Machine Learning-powered Pricing of the Multidimensional Passport Option

This is a piece of software used for performing experiments on the pricing of Passport Options via reinforcement learning. The experiments are described in [1].

A. Requirements

Python == 3.9.13

B. Dependencies

Prepare your python environment (conda, virtualenv, etc.), activate your environment.

Using pip:

$ pip install -r requirements.txt

C. Experiments

How to run

Choose a configuration number X and create a folder named config_X including a config.py file. This file should include dictionaries specifying parameters as follows:

import numpy as np

CONFIG_NO = X  # configuration number
SEED = 1  # random seed for numpy, random and torch

SAVE = {"model": True,  # save model after training?
        "plots": True,  # save plots?
        "plot_path": None,  # path to folder for saving plots in case SAVE['model']==False
        }  

# market params
MARKET_PARAMS = {
    "interest": 0.002,  # interest rate
    "ntime": 10,  # number of time steps per path
    "x0": 0,  # initial portfolio value
    "d": 2,  # dimension of assets
    "s0": [1, 1],  # initial values for assets, list
    "mu": [0, 0],  # mean of BM, list
    "sig": 0.04,  # var of BM, list (or float for symmetric market)
    "cor": np.eye(2),  # correlation matrix
    "additional_states": None,  # list of strings or None, additional input to strategy networks. Supported are
    # 'ret' return of assets
    # 'log_ret' log return of assets
    # 'Ssigma' volatilities*asset values
    # 'signX' sign of portfolio value
    "additional_tasks": None,  # list of strings or None, additional tasks for strategy netwoks to learn.
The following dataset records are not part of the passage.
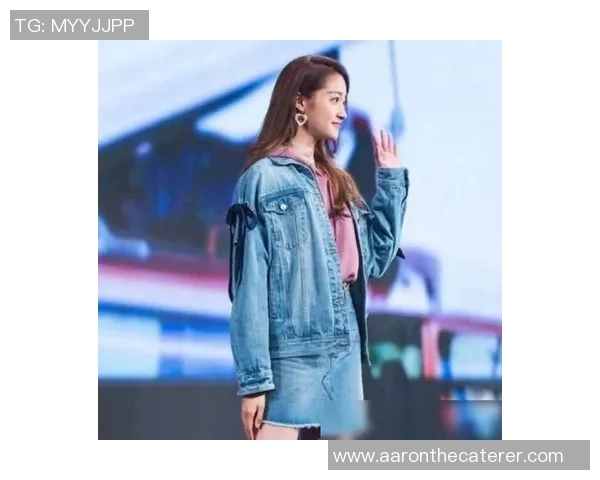 余爽化身足球明星展现魅力风采引发热议与关注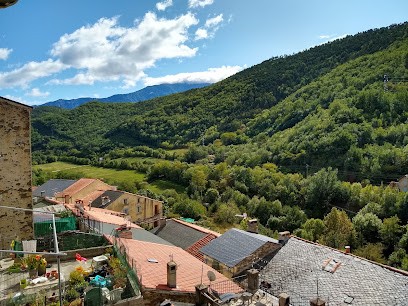 Sundrenched Relais de Poste in Serdinya, Location de Vacances à Serdinya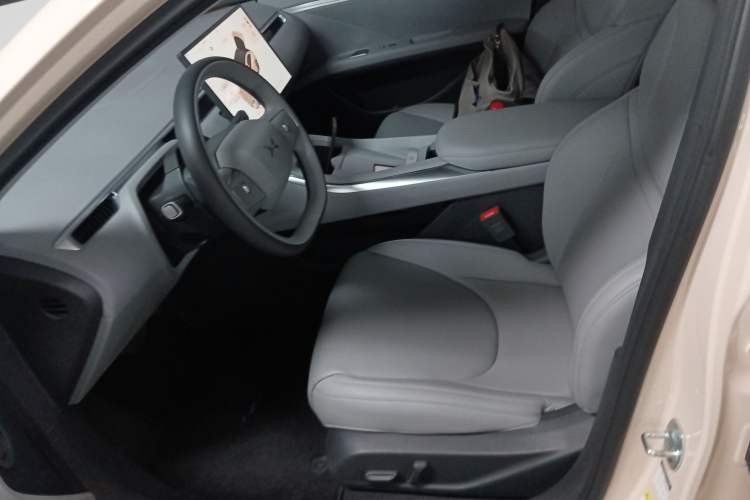 Used XPeng MONA M03 2024 620 with Ultra-Long Range
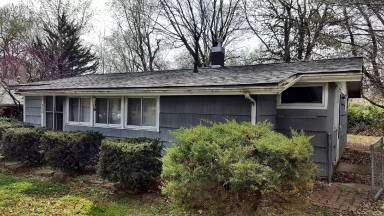 Main picture of 204 S Emerald Ln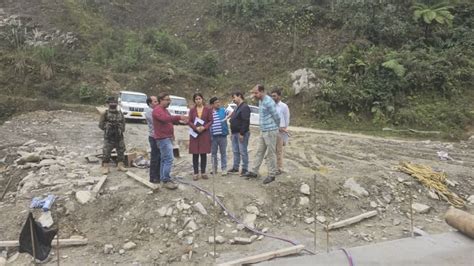 Arunachal: Kurung Kumey DC inspects NH-713 near China border, pushes ...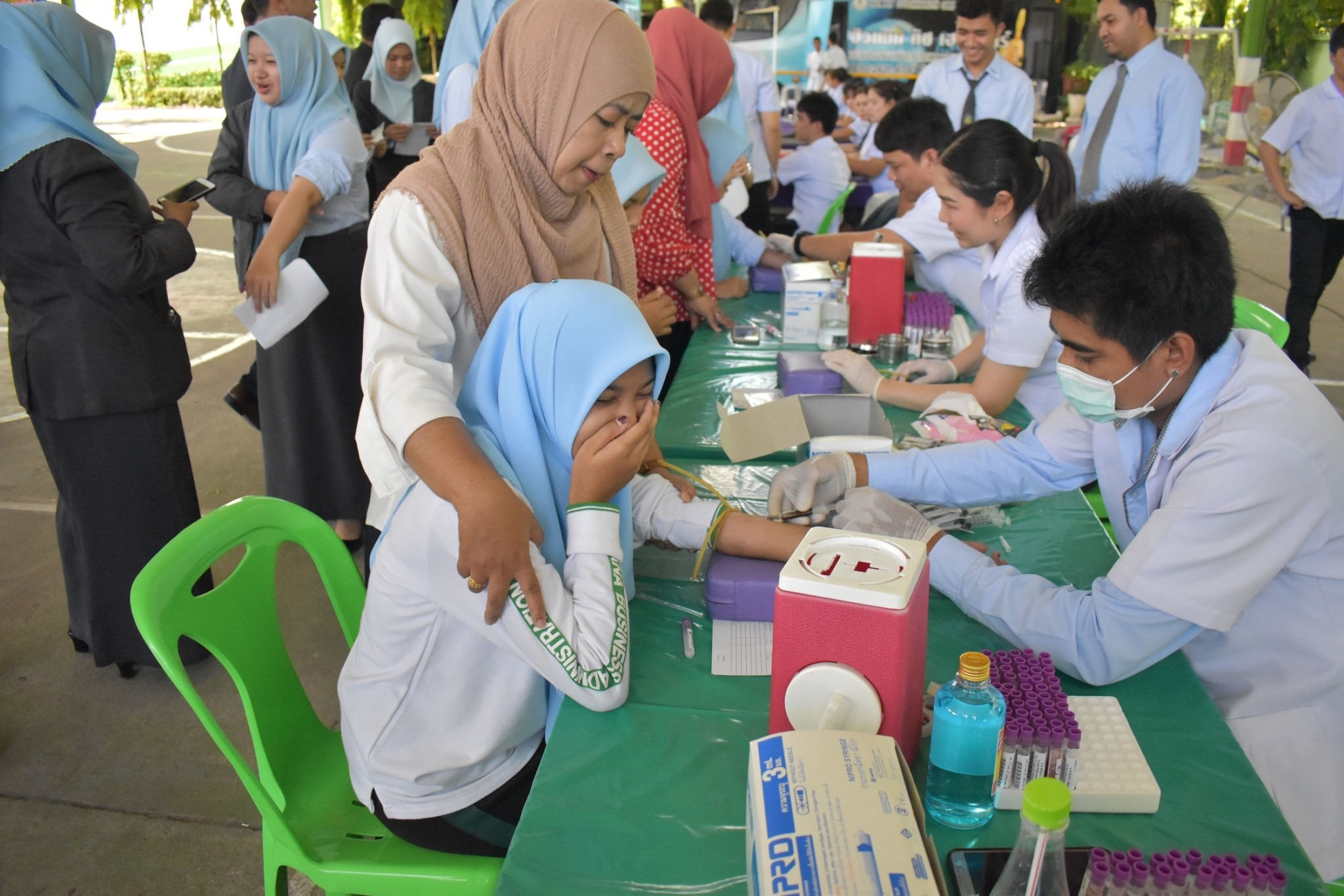 ตรวจสุขภาพนักเรียนนักศึกษา คณาจารย์ และบุคลากร ประจำปีการศึกษา 2562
Supported are
    # 'sign' sign of portfolio value
    # 'volas' volatilities of assets
}

# Parameters for Algorithm 3 in [1]
A2C_PARAMS = {
    "npath": 100,  # number of paths used to estimate expected reward
    "MTnetwork": False,  # should architectures of actor and critic share weights?
}
A2C_TRAIN_PARAMS = {
    "actor_lr": 0.0001,  # learning rate for actor network
    "critic_lr": 0.0007,  #learning rate for critic network
    "tau": 1e-11,  # parameter for entropy regularization
    "max_iter": 400000,  # number of iterations in A2C algorithm
    "weight_decay": 0,  # parameter for l2 regularization in all networks
    "nsteps_newPV": None,  # periodicity for sampling new initial portfolio value
    "nsteps_newS": None,  # periodicity for sampling new initial asset values
    "weights": [0, 1],  # weights for positive part and absolute value in expected reward
}
# Parameters for Algorithm 1 in [1]
PG_PARAMS = {
    "npath": 2 ** 13,  # number of paths used to estimate expected reward
    "max_t_minus": 9,  # maximal number of time steps backward
    "weights": [0, 1],  # weights for positive part and absolute value in expected reward
    "hardmax": False,  # use hardmax activation in forward pass?
}
PG_TRAIN_PARAMS = {
    "lr": 0.001,  # learning rate for Adam optimizer in PG training
    "batch_size": 2 ** 4,  # batch size in PG training
    "epochs": 2 ** 6,  # epochs per time-step in PG training
    "l2": 1e-18,  # parameter for l2 regularization in strategy network
    "entropy_reg": 1e-11,  # parameter for entropy regularization
}
# Parameters for a basic Deep Hedging (DH) algorithm
DH_PARAMS = {
    "npath": 2 ** 13,  # number of paths used to estimate expected reward
    "weights": [0, 1],  # weights for positive part and absolute value in expected reward
}
DH_TRAIN_PARAMS = {
    "lr": 0.0001,   # learning rate for Adam optimizer in DH training
    "batch_size": 2 ** 8,  # batch size in DH training
    "epochs": 2 ** 7,  # epochs in DH training
    "l2": 1e-18,  # parameter for l2 regularization in each strategy network
    "entropy_reg": 1e-18,  # parameter for entropy regularization
}
# evaluation parameters
EVAL_PARAMS = {
    "x0": 0,  # initial portfolio value for evaluation of strategies
    "use_wandb": False,  # track metrics during training via WeightsAndBiases (account neede)
    "select_best_A2C": False,  # load A2C model that yielded highest average reward during training
    "ntime": 32,  # time steps for evaluation of strategies
    "filename_A2C": None,  # name of folder from which to load trained A2C actor and critic networks
    "filename_PG": None,  # name of folder from which to load trained PG strategy network
    "filename_DH": None,  # name of folder from which to load trained DH strategy network
}

C.1 To run a policy gradient approximation (Section 3.2, Algorithm 1 in [1])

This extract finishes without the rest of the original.